Coloring black and white images using deep learning and PyTorch.

The code is found in Colab in the link provided: https://colab.research.google.com/drive/133oRIf8J-Qe3QejWyXuhKz4DxPkb9dJn?usp=sharing

You can train the model yourself from scratch, or download the pretrained weights and use it to colorize your black and white images.

Final model's output

image

Top row: Greyscale version of the images from test set. Middle row: Colorized outputs by our model. Bottom row: Real images from the test set.
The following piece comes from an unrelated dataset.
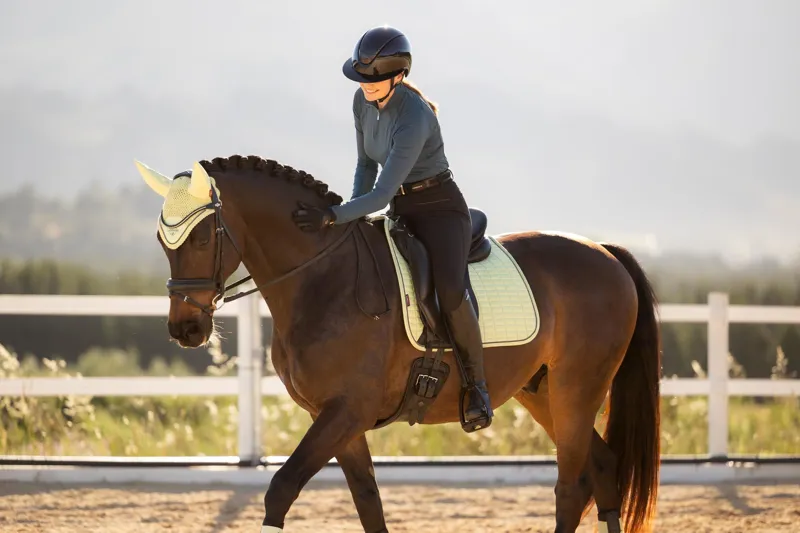 LeMieux Suede Dressage Square in Macaron-4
image Top row: Greyscale version of the images from test set. Middle row: Colorized outputs by our model. Bottom row: Real images from the test set.


Dataset

We have used the Flowers102 dataset: https://www.robots.ox.ac.uk/~vgg/data/flowers/102/
The dataset consists of 8,819 colored pictures of flowers and provides us with a diverse range of flower types in different colors, shapes, picture angels and backgrounds.

Pre Processing

The pre processing was done in several steps:

1 - Resizing the images to 128X128.

We've managed to train the model properly also with a resize of 256X256, but the training process was much longer.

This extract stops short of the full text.